Your answer should be the lines below from the one with "Vector Silhouette Tree" to the one with "A surreal and", both included, given again exactly and with nothing added.
─── Exercise data
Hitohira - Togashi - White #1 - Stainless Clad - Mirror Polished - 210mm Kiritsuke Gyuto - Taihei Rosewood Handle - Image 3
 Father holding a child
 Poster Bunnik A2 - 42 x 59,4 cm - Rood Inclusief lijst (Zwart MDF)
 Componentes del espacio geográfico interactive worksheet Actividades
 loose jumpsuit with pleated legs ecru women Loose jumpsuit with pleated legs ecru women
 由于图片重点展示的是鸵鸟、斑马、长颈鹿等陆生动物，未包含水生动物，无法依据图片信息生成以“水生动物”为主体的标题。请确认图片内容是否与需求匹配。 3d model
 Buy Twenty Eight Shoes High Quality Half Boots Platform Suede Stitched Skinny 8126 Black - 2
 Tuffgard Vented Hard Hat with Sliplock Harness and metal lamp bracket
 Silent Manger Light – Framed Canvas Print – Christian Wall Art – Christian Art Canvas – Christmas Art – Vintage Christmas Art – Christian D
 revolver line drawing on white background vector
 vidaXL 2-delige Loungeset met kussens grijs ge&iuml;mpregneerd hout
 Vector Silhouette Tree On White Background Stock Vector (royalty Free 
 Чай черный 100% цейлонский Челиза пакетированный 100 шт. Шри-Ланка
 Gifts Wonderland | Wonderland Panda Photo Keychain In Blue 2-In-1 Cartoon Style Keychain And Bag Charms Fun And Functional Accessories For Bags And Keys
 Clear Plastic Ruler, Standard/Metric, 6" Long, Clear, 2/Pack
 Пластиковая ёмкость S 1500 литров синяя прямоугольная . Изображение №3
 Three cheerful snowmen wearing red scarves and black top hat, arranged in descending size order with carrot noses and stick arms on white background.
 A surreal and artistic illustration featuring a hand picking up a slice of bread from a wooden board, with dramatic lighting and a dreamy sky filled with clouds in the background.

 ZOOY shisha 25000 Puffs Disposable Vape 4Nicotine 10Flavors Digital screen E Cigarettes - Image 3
──────
Reply to the exercise -
 Vector Silhouette Tree On White Background Stock Vector (royalty Free 
 Чай черный 100% цейлонский Челиза пакетированный 100 шт. Шри-Ланка
 Gifts Wonderland | Wonderland Panda Photo Keychain In Blue 2-In-1 Cartoon Style Keychain And Bag Charms Fun And Functional Accessories For Bags And Keys
 Clear Plastic Ruler, Standard/Metric, 6" Long, Clear, 2/Pack
 Пластиковая ёмкость S 1500 литров синяя прямоугольная . Изображение №3
 Three cheerful snowmen wearing red scarves and black top hat, arranged in descending size order with carrot noses and stick arms on white background.
 A surreal and artistic illustration featuring a hand picking up a slice of bread from a wooden board, with dramatic lighting and a dreamy sky filled with clouds in the background.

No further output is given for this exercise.